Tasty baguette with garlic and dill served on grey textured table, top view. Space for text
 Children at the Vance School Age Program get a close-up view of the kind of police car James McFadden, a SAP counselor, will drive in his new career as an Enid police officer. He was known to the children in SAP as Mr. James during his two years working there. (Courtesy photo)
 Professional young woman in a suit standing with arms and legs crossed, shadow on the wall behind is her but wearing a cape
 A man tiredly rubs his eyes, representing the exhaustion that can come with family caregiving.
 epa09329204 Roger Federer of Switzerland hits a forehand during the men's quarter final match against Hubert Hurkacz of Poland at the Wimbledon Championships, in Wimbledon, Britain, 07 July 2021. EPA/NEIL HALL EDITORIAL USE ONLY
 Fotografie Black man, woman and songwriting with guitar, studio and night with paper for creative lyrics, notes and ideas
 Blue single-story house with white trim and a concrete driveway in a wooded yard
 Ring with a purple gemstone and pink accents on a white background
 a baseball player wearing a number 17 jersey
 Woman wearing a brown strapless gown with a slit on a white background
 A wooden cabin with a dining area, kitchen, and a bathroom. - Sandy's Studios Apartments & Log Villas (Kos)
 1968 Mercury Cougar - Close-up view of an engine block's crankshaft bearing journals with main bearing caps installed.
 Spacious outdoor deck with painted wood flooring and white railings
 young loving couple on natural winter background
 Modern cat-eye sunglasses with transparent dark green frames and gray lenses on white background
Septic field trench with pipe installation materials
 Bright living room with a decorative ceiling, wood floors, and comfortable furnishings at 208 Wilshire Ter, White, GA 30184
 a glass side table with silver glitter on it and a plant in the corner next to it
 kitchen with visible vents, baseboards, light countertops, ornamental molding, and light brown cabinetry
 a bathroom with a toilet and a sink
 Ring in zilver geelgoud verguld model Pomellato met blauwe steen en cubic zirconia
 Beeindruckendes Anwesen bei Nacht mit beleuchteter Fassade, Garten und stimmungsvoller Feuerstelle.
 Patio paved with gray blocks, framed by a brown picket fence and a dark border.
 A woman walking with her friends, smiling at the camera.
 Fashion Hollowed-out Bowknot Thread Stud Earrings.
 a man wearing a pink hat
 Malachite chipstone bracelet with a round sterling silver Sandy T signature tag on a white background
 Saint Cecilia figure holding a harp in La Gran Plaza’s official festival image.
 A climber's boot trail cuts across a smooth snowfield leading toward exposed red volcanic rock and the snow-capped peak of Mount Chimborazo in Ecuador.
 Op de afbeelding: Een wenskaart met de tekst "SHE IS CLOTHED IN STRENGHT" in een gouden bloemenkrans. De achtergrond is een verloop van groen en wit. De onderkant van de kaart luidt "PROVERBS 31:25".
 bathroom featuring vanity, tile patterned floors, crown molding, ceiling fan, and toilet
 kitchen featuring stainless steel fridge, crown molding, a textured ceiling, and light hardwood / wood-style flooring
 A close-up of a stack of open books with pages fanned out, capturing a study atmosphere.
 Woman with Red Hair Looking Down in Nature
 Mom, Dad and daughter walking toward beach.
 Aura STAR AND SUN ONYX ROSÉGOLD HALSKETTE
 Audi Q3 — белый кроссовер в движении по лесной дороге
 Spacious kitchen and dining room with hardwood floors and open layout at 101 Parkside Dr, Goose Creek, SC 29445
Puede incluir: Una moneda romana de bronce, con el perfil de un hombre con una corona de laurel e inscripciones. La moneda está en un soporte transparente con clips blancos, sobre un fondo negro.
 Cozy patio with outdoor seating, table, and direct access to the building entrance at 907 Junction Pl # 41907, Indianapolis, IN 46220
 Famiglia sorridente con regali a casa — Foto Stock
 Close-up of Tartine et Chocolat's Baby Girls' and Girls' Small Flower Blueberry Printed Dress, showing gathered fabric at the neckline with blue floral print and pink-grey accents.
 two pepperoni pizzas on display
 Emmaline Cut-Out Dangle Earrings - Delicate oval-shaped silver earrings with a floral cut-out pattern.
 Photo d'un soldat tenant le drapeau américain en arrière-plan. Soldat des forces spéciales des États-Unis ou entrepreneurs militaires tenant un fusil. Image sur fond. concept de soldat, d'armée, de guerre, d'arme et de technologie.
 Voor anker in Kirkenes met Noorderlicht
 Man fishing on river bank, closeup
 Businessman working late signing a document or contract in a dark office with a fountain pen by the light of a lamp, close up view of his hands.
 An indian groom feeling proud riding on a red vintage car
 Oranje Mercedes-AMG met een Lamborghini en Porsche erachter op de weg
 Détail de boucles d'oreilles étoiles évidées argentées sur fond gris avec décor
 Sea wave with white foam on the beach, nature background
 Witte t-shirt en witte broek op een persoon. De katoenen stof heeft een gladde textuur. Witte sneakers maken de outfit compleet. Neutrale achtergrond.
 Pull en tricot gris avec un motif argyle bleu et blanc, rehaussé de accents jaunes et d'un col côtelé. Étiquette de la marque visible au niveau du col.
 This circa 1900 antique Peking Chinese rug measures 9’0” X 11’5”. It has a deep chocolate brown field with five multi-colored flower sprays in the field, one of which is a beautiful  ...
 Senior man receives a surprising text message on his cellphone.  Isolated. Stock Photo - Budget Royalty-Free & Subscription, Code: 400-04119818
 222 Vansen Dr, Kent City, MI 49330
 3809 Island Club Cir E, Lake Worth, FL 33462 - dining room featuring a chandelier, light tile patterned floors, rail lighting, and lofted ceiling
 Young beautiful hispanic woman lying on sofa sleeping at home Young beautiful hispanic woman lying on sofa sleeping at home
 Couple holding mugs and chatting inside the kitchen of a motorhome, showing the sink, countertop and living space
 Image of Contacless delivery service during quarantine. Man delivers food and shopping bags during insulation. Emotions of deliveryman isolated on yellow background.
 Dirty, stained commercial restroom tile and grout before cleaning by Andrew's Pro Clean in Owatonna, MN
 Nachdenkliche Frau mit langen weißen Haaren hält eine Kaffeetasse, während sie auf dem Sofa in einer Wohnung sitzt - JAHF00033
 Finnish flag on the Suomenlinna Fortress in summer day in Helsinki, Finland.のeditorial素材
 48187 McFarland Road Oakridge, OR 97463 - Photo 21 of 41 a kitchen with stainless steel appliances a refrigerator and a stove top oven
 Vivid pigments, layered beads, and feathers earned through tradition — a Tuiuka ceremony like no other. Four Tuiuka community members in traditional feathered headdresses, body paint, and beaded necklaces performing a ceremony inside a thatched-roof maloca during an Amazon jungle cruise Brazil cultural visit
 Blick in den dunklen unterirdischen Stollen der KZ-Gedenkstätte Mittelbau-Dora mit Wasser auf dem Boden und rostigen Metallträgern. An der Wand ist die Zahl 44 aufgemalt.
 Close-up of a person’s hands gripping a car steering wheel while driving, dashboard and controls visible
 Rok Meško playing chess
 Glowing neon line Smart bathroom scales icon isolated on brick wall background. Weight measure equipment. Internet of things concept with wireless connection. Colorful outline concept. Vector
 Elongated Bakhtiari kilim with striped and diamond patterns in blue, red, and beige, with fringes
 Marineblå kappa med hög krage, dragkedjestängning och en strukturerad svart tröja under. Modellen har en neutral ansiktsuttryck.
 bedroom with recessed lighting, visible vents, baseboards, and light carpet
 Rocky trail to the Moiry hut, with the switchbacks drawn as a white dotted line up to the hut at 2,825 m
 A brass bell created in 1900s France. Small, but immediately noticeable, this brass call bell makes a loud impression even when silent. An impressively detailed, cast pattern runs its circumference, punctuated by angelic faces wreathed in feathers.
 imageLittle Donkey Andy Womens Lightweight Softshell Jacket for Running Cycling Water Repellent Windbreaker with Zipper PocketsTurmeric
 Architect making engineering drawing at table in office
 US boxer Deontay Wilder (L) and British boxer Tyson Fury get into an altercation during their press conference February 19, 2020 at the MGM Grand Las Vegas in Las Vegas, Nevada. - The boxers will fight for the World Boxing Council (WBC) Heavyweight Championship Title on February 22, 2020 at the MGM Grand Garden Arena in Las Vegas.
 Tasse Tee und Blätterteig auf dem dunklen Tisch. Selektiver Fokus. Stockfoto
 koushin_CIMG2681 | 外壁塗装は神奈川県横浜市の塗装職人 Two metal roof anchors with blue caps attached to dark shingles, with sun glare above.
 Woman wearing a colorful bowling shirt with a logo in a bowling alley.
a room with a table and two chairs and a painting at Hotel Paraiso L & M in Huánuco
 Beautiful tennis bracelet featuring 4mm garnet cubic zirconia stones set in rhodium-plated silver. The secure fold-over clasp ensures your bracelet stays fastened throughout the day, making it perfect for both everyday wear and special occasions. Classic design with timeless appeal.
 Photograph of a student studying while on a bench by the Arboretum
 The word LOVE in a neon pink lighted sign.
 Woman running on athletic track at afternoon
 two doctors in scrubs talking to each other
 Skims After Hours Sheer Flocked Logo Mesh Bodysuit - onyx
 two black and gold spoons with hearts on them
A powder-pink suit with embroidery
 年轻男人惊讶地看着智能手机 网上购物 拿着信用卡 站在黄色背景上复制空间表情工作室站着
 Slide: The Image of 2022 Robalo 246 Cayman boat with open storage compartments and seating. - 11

────────

> [Activity]
With the line that has "Patio paved with" as the first and the line that has "Saint Cecilia figure" as the last, repeat exactly that run of lines above and no more.

> [Your solution]
 Patio paved with gray blocks, framed by a brown picket fence and a dark border.
 A woman walking with her friends, smiling at the camera.
 Fashion Hollowed-out Bowknot Thread Stud Earrings.
 a man wearing a pink hat
 Malachite chipstone bracelet with a round sterling silver Sandy T signature tag on a white background
 Saint Cecilia figure holding a harp in La Gran Plaza’s official festival image.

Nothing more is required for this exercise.